A special noon lecture and remembrance
After Pancho Villa’s March 9, 1916, attack on Columbus, NM, Gen. John J. Pershing launched a Punitive Expedition with one goal: Get Villa. Given his failure to do so, Pershing’s effort could easily be chalked up as a military failure. But its long-term impact was significant. The surge into Mexico provided valuable training for Pershing and for New Mexico troops who would all too soon enter World War I.
As centenary commemorations for “The Great War” begin across the globe, the History Museum’s interim director, Jon Hunner, will speak on “World War I and New Mexico” at noon on Wednesday, July 30. This free lecture will be in the Meem Community Room; enter through the museum’s Washington Avenue doors.
Hunner is a New Mexico State University professor of history on loan to the museum. His areas of expertise include 20th-century New Mexico and the Manhattan Project.
On June 28, 1914, Archduke Franz Ferdinand, heir to the Austro-Hungarian Empire, was assassinated in Sarajevo, along with his wife. A month later, Emperor Franz Joseph declared war on Serbia; Russia, Serbia’s ally, immediately mobilized its forces.
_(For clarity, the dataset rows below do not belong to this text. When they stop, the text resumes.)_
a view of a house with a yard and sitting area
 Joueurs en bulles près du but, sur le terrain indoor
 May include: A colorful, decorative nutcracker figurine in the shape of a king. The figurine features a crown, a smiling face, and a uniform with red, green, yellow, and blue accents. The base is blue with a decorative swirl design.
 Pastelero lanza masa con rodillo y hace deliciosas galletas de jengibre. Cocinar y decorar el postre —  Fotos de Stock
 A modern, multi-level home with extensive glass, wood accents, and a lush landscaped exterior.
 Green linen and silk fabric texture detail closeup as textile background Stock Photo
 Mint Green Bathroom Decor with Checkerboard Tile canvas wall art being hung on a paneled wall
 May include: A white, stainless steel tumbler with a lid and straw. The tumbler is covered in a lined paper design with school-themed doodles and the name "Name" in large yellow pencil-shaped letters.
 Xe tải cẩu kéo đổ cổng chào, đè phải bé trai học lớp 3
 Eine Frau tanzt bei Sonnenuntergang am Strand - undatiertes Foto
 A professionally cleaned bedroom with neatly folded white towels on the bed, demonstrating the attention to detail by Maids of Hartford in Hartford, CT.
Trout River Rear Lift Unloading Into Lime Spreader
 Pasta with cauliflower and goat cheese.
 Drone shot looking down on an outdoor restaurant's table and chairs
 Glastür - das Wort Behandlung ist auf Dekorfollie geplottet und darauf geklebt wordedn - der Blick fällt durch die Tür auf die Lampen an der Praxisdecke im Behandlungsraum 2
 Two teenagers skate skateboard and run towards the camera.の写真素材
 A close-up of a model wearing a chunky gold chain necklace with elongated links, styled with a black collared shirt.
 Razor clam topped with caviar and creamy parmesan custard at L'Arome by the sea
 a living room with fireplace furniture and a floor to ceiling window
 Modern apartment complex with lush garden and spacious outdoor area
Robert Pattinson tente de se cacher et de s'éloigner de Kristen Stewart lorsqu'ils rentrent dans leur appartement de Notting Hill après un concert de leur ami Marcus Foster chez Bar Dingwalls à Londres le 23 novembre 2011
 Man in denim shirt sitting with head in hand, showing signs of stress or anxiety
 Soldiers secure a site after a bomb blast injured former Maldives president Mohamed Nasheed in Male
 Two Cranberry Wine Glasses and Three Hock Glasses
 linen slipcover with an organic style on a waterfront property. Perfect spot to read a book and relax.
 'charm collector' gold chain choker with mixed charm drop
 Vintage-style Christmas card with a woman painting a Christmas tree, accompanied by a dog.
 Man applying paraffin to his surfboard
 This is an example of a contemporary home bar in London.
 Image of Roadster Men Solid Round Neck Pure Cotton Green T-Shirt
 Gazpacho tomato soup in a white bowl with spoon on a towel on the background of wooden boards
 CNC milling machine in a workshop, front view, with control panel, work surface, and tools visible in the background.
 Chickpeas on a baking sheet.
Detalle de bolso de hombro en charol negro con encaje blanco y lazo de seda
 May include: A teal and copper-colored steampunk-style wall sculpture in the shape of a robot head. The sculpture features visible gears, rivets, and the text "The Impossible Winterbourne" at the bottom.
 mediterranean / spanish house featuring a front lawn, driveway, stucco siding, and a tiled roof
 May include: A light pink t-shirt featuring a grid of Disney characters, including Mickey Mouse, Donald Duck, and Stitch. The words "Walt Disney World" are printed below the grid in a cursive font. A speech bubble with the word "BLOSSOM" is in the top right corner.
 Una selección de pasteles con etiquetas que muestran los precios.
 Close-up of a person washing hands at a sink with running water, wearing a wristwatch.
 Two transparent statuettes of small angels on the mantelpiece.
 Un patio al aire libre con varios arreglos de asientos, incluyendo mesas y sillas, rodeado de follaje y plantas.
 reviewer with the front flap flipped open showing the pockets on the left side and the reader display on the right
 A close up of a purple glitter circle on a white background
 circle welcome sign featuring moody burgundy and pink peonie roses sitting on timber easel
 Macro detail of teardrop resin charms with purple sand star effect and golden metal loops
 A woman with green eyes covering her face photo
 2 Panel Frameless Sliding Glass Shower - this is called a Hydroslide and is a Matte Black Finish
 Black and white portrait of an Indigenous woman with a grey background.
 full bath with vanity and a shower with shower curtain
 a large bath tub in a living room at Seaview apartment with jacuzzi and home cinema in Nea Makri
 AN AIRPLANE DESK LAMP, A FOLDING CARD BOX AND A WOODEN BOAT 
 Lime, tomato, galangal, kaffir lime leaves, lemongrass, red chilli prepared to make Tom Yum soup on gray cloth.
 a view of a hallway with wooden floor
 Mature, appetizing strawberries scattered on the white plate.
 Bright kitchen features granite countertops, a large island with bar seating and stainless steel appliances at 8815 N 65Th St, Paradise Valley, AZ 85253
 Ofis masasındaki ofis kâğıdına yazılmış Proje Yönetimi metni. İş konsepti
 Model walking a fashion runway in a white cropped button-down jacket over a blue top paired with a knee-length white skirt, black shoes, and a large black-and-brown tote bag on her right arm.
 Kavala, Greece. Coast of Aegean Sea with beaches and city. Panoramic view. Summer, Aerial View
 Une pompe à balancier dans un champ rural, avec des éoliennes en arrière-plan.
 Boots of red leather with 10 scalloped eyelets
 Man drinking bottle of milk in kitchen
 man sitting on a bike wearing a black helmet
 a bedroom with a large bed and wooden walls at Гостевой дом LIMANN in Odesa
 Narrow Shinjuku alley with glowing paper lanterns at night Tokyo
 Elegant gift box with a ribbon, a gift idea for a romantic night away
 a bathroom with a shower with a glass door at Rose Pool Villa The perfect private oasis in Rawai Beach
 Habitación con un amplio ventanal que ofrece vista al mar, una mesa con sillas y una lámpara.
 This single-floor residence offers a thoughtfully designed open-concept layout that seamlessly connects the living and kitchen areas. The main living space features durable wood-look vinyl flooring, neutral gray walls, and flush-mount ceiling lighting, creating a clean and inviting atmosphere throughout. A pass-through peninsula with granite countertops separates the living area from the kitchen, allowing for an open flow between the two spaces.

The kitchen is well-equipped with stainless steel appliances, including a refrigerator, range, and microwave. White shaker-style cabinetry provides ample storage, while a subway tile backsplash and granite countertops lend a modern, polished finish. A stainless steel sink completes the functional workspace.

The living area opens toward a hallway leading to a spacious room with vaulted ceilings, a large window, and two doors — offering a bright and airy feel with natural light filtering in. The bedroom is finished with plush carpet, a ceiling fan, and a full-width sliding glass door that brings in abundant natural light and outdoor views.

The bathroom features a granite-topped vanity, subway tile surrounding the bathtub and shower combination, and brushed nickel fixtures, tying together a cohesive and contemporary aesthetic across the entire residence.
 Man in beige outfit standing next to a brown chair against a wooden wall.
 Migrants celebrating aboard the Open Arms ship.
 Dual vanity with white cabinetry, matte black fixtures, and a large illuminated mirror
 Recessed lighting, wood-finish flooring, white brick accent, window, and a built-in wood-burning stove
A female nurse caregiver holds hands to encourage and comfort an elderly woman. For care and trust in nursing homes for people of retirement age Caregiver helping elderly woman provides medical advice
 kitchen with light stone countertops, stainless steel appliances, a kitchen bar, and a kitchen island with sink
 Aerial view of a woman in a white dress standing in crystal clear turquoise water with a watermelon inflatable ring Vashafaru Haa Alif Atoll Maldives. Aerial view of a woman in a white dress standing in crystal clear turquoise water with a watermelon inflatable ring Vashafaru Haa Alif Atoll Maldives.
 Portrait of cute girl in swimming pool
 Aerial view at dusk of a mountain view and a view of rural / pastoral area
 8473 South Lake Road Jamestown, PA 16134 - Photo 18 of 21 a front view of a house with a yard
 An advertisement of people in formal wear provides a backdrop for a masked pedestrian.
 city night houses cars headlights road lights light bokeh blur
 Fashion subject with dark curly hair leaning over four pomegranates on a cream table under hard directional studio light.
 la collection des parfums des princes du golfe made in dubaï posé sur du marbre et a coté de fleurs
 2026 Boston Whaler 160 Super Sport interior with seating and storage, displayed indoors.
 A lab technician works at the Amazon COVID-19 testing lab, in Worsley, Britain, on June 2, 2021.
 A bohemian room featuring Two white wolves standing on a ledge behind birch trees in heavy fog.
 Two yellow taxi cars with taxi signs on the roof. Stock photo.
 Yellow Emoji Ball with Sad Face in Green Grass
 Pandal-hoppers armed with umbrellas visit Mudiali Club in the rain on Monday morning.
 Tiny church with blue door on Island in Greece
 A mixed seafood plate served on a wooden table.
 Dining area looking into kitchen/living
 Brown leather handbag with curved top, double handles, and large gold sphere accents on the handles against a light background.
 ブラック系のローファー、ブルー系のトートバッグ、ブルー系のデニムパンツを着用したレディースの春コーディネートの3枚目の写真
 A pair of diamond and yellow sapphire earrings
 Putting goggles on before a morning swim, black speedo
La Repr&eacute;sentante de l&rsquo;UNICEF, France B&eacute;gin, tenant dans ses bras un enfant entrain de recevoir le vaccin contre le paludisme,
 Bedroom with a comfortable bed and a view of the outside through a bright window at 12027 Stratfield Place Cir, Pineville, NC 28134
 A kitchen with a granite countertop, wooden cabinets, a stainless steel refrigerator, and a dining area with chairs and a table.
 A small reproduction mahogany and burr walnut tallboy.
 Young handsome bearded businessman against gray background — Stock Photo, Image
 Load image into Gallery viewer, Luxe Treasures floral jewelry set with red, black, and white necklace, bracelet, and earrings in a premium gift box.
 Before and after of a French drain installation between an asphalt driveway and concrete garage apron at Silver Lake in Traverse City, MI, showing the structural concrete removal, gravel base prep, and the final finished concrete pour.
By Aug. 1, Germany had declared war on Russia, and the dominoes began to fall. The United States entered the war on April 6, 1917. Armistice was achieved on “the eleventh hour of the eleventh day of the eleventh month” of 1918—today commemorated as Veteran’s Day.
What roles did New Mexico play in the conflict and what impact did the war have on our state? What was the Zimmerman telegram and how did it speed America’s entry into the war? Hunner will explore how events in distant lands affected the New Mexicans who served, including the many men who gave their lives, and how those events transformed the nation’s second-youngest state.
Photo above: Armored truck and motorcycle in action, Pershing Mexican Expedition, New Mexico, 1916, by W.H. Horne. Palace of the Governors Photo Archives LS.1908.